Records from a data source
####################

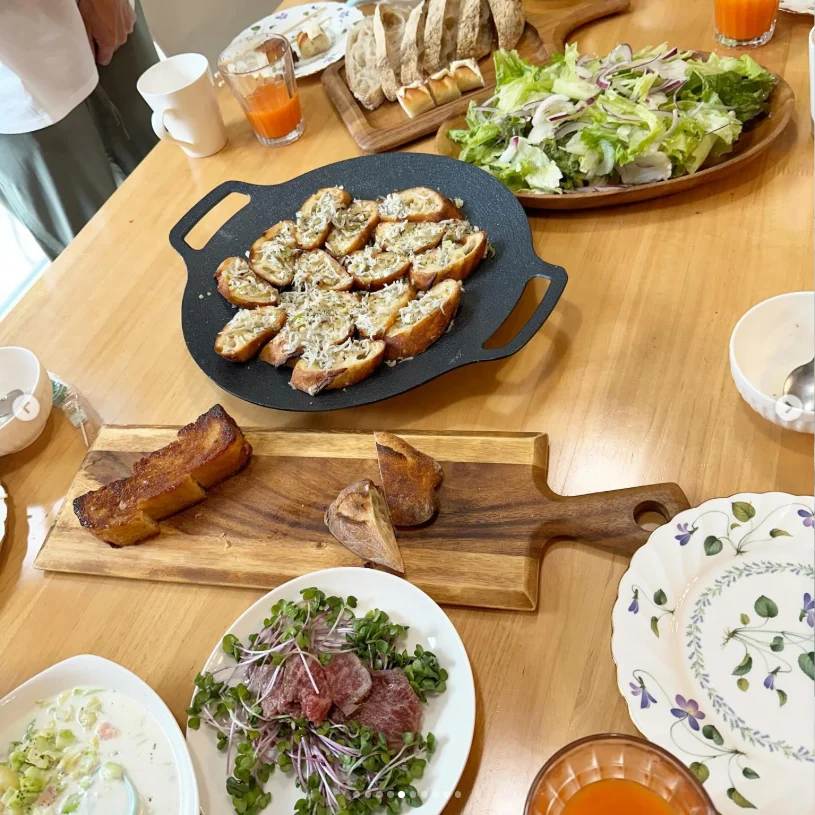 Toast too, and lunch left for another visit — Haruru’s photograph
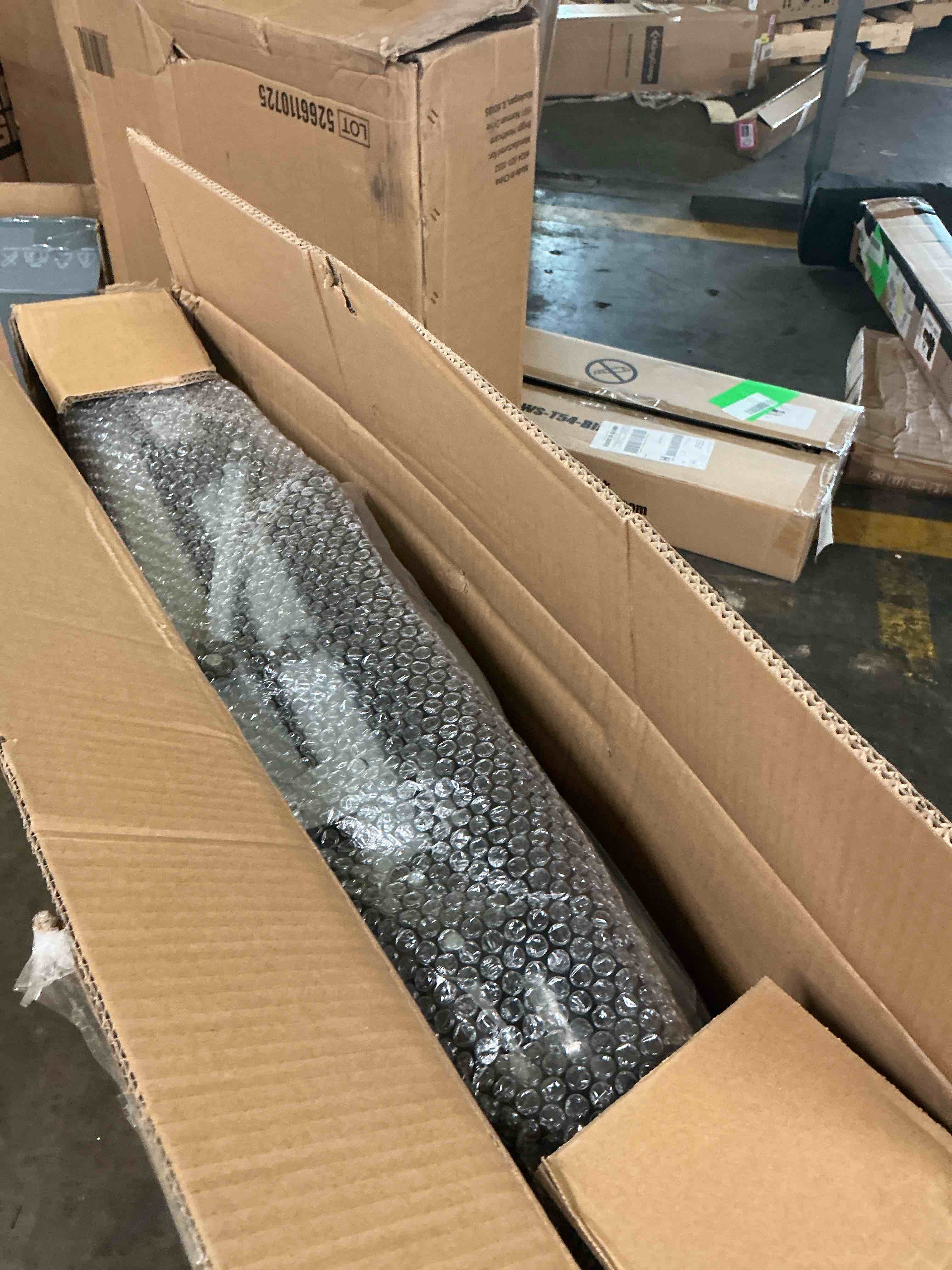 https://s3.amazonaws.com/lotting-images-prod/EmanualPiazza/PPE4339569_1777572398366.jpeg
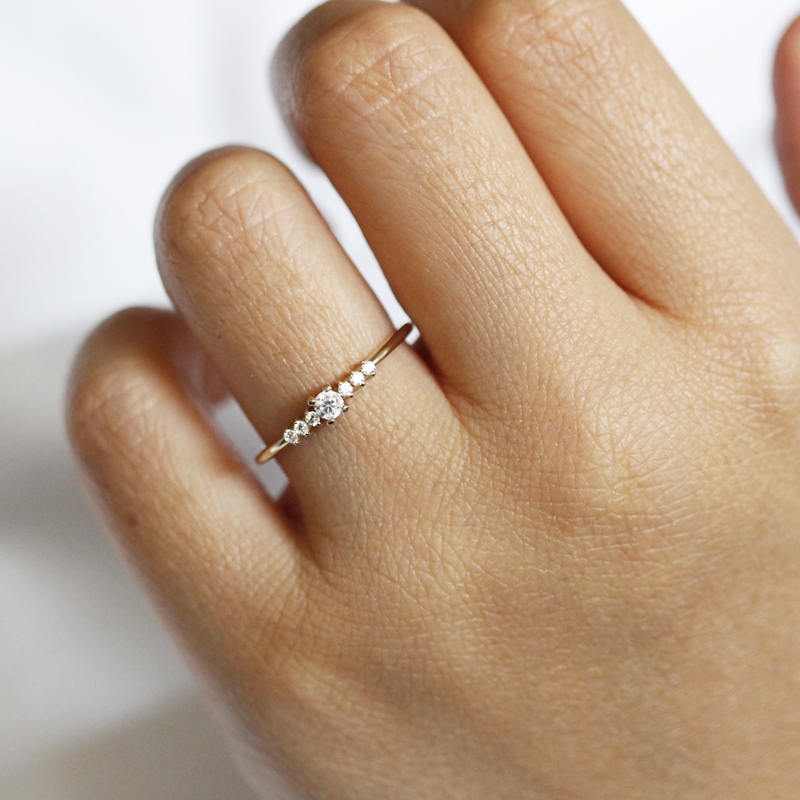 Round diamond engagement ring side stones | Diamond rings modern simple - NOOI JEWELRY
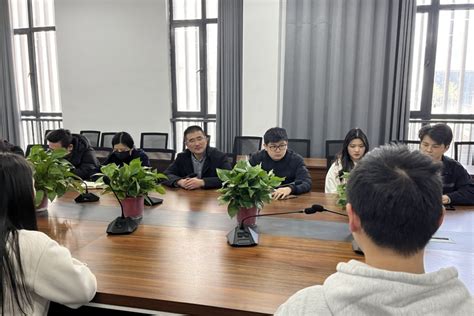 我为师生办实事 音乐学院召开2023年春季大学生思想动态调研会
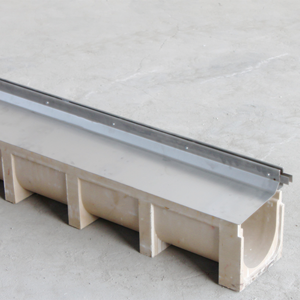 Canaleta de Drenaje de Hormigón Polímero <span class=keywords><strong>con</strong></span> Cubierta Estampada Prefabricada en Forma de U de Diseño Moderno - Product Image 2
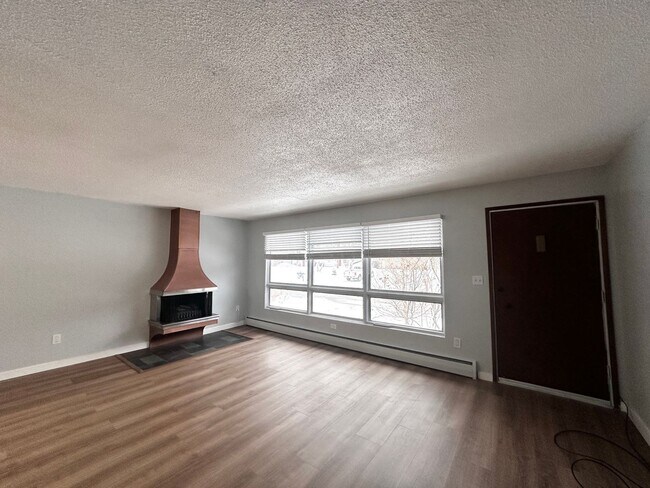 Building Photo - k933w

####################

Your assignment
Each line from the one holding "Canaleta de Drenaje" down to the end of the records is to be reproduced unaltered, and the pictures are to be omitted.

Response to this exercise
 Canaleta de Drenaje de Hormigón Polímero <span class=keywords><strong>con</strong></span> Cubierta Estampada Prefabricada en Forma de U de Diseño Moderno - Product Image 2
 Building Photo - k933w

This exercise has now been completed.